- Supreme Court of the United States

Argued April 17, 1974 Decided June 25, 1974
- Full case name: Miami Herald Publishing Company, Division of Knight Newspapers, Incorporated v. Tornillo
- Citations: 418 U.S. 241 (more) 94 S. Ct. 2831; 41 L. Ed. 2d 730; 1974 U.S. LEXIS 86; 1 Media L. Rep. 1898

Case history
- Prior: Appeal from the Supreme Court of Florida

Holding
- A Florida law requiring newspapers to allow equal access to political candidates in the case of a political editorial or endorsement content is unconstitutional.

Court membership
- Chief Justice Warren E. Burger Associate Justices William O. Douglas · William J. Brennan Jr. Potter Stewart · Byron White Thurgood Marshall · Harry Blackmun Lewis F. Powell Jr. · William Rehnquist

Case opinions
- Majority: Burger, joined by unanimous
- Concurrence: Brennan, joined by Rehnquist
- Concurrence: White

Laws applied
- U.S. Const. amend. I

= Miami Herald Publishing Co. v. Tornillo =

Miami Herald Publishing Co. v. Tornillo, (Note: Pronounced /tɔːr'nɪloʊ/ tor-NIL-oh.) 418 U.S. 241 (1974), was a seminal First Amendment ruling by the United States Supreme Court. The Supreme Court overturned a Florida state law that required newspapers to offer equal space to political candidates who wished to respond to election-related editorials or endorsements. The Supreme Court ruled that law was an unconstitutional restriction of freedom of the press under the First Amendment.

== Background ==
In 1972 Pat Tornillo, a candidate for an upcoming election to the Florida House of Representatives, found that the Miami Herald had criticized his candidacy and endorsed his opponent. Tornillo wrote some replies in which he accused the newspaper of defaming his character, and demanded that the newspaper offer him free space in which to print them. Such a request was permissible under a Florida right of reply statute for newspapers (Florida Statute § 104.38).

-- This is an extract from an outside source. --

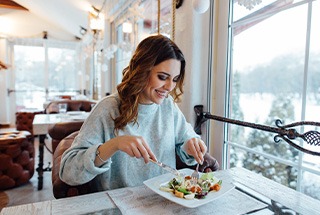 Woman smiling while eating lunch at restaurant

The newspaper refused Tornillo's demands, so he sued in Florida court for violation of the state's right of reply statute. The Miami Herald responded that the statute was a violation of the First Amendment to the U.S. Constitution, because it compelled newspapers to print content against their will. After several local hearings, the case was sent to the Supreme Court of Florida, which ruled that the Florida statute was not a constitutional violation because, by offering media space to anyone regardless of their financial power or publishing abilities, it enhanced rather than restricted free speech.

The Miami Herald requested a special appeal to the United States Supreme Court, because of questions related to the federal constitution, and the Supreme Court accepted the case per a federal law stating that a state supreme court's ruling on a federal question may not be the final word.

== Opinion of the court ==
The Supreme Court struck down the Florida right of reply statute for reasons of compelled speech, chilled speech, and the financial nature of the newspaper industry. The court held that the Florida statute violated the First Amendment by requiring newspapers to publish text against their will, while the statute may chill the press because "editors may conclude that the safe course is to avoid controversy."

Furthermore, the Court held that unlike mass media broadcasting, in which a right of reply may be merited due to scarce frequencies, the newspaper industry suffered no such restrictions and a criticized person would have a relatively easier time finding a competing publication, or even starting a new publication of their own. Thus, the Supreme Court overturned the Florida right of reply statute as a violation of freedom of the press, "because of its intrusion into the function of editors" and its restrictions on "the exercise of editorial control and judgment."

== Impact ==
Miami Herald Publishing Co. v. Tornillo has been widely cited as one of the most important Supreme Court rulings on freedom of the press, serving as a crucial precedent in later disputes over government attempts to control the activities of newspapers. However, this ruling is part of an inconsistent duo of cases, with the other being Red Lion Broadcasting Co. v. FCC (1969), in which the Supreme Court upheld different levels of government regulation for print media vs. broadcast media. This has resulted in frequent criticism of the differing free speech protections for different types of mass media simply because of their delivery methods.